Considerations on how we will use it

(see the architecture for more info)

  • One stack instance communicate with one couchdb 2.x server or cluster. The couchdb server/cluster has a lot of databases (nb_users x nb_data_types). The pair stack+couch should handle as many active users as possible. Number of unactive users must not impact perfs too much. Note : definition of active user TBD (mobile app and 3rd party software are syncing using *dav and some background jobs like fetching banks accounts and threshold alerts )
  • HTTPS between stack and couchdb is not a priority. If it’s an option, it will allow more flexibility for ops team, but we can always find alternative solution to secure channel between stack and couchdb and self-hosted users will probably have both on an single machine.
  • We wont keep changes feed open, as it was identified in couchdb workshop as the limiting factor on number of databases we can have and we want to have a bazillion databases. We will probably do some kind of polling, this will need to be investigated deeper.
  • Binaries will NOT be stored in couchdb. We will only store in couchdb reference to the file in another storage solution (FS / Swift)
  • The stack will use couchdb in 2 ways :
    1. Just proxying to/from the client, we will still need to parse the JSON, but will only read or changes a few special fields (_id, _type, _tags ....) for ACL and then pipe it to/from couchdb. We wont need to make sense of the whole document and can eventually get away without parsing it on some routes. This part should be totally flexible on the json content.
    2. Some APIs and Jobs will need to make sense of the given documents, so (un)marshal them from/into smarter struct (CalendarEvent) to be used in business logic.

Analysis

  • They are all relatively similar in term of API. rhinoman has some more functions that we will need but lack changes feed.
  • They all have a struct for database which hold configuration, as most of our request will be on different databases, we will have a great churn for these structure. This is less than optimal for RAM & GC, but probably insignificant against JSON parsing.
  • They all use JSON Marshal et encode to accept any interface{} as couchdb doc.
  • They are all relatively inactive / stable, not sure if it is because they are “finished” or abandonware.
  • No library has a notion of pooling connection. This is handled at the net/http.Transport level in golang.
  • Only the first library has option for fine-tunning of the internal Client/Transport,
  • No library support couchdb2 mango

Going further (thanks @tomquest)

Another advantage of a DIY solution: building exactly what stack needs. This is orienting the CouchDB access code for Cozy usage. And this could be implemented as a DSL.

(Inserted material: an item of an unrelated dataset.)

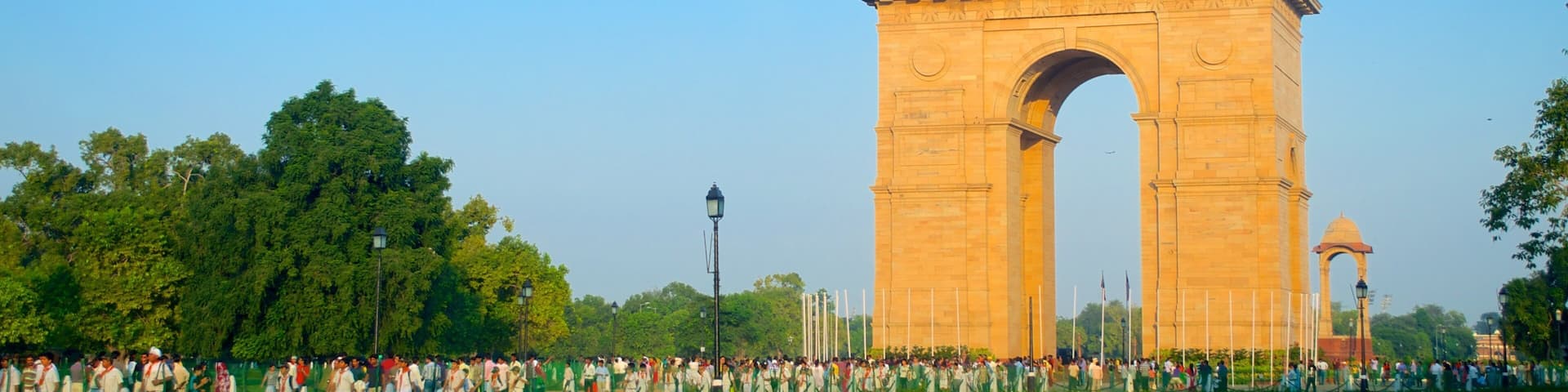 India Gate featuring a memorial, a monument and a park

For example: (if I understand the architecture, the goal is for an User to have many Databases, one for each DocumentType)

// Create an Email
couchdb
    .Doc(anEmail) // deduce the database from the type of the parameters
    .Create()
    // .Update()
    // .Delete()
// List emails from 100 to 200
emails = couchdb
    .emails() // pick the appropriate database
    .Offset(100)
    .Limit(200)
    .Order(DATE, DESC)
    .select() // Create the adhoc CouchDb query (`Mango` style ?)

BTW, couchdb could be an already configured object with the appropriate user credentials.

Pros:

  • Cozy-stack oriented (functionally)
  • Still able to access CouchDb natively (eg. couchdb.Connection())
  • Can hide technical stuff: access to the pool, concurrency, caching, https, retries, timeouts…
  • Build and maintained by Cozy

Cons:

  • DSL to write (and testing is a bit harder)
  • To be maintained, but in fact, this is already the case for the other wrappers

Current decision

We will make our own driver by cherry picking relevant codes in other libraries.